It’s a fine line.
A line that often times get’s blurred a line that at times we push. What line am I talking about? Well, that line would be the fine and oh, so thin line between fun and over doing it. At times the line is so thin I don’t even realize we have crossed it until it is too late. Then I am left asking myself “did I miss it??? .. were there signs??” This is where I am conflicted. You see, when Bubba is down or we know it has been a hard week for him, there is usually one solution. That would be Disney, of course! So, I know that Disney would be a wonderful boost to his spirit but I also know that at times it can be brutal on his sweet little body. Now, do you see where my dilemma of a fine line comes in? Yesterday Hubs had that day off from work and he has been so busy that he hasn’t seen the kids much at all lately. You can sure tell that it has gotten Bubba down. He misses his Daddy when he is unable to be around all of the time. So we decided to pull the kids out of school a little early and forgo Regan’s violin lesson for the day to PLAY. Where else is there to go in this family but Disneyland?? I mean come on you knew it was coming.
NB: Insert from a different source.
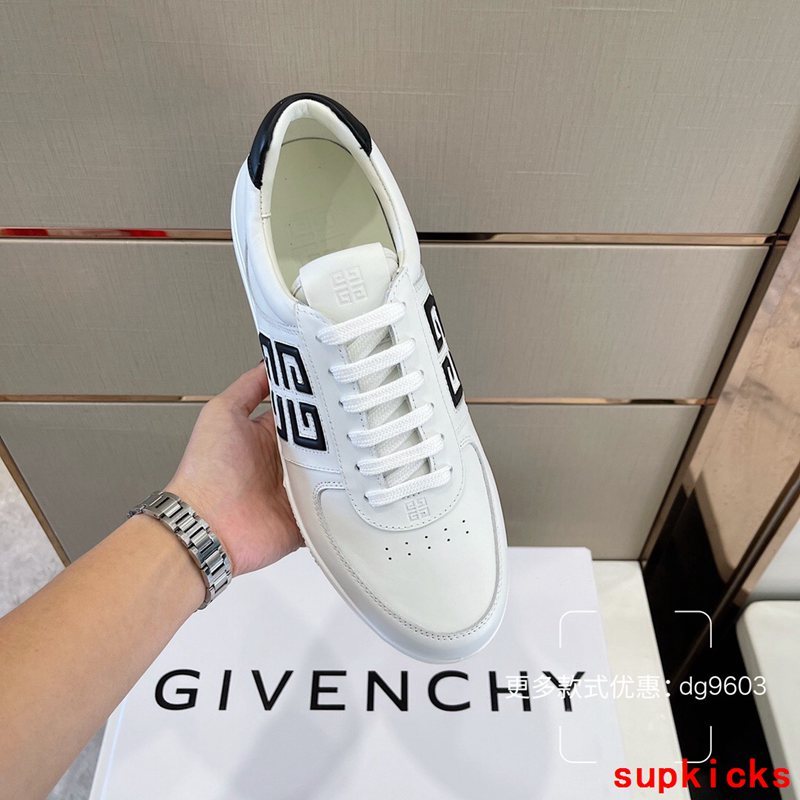 Givenchy shoes Style 081 - sole and craftsmanship detail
I was excited for many reasons. First off, we NEEDED some family time. Secondly I got a new toy I wanted to play with (Nikon D7000). Disney is the perfect place to test your skills because you are constantly needing to change your ISO, aperture, and F stop with each new ride, element, lighting change. We picked the kids up and we were off…..
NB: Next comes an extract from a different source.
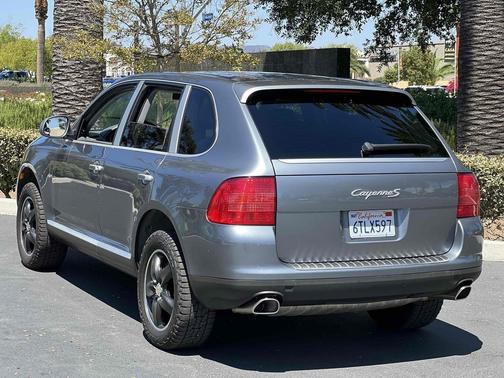 2004 Porsche Cayenne S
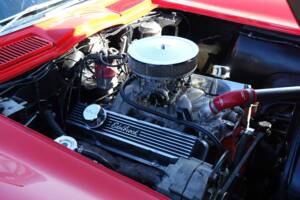 Image 25/43 de Chevrolet Corvette Sting Ray Convertible (1964)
We started the afternoon off with a favorite.... BUZZ :)
The wonderful thing aboug having Daddy is
that he will go on rides that Mommy will not.
Like the rockets....
It is seriously a two person job getting Bubba in and out of the rocket.
Then it was off to Small World, another fave.
Ok, so some of you might be grossed out by the drool
and that I don't edit it out BUT I say the longer the drool
the more fun we are having!!! wink! :)
I LOVE her hazel eyes... I think they look different
in almost every picture I take of her.
(depending on outfit and back ground)
Daddy and Bubba went on a rollercoaster!
Then it was time for the Jungle Cruise....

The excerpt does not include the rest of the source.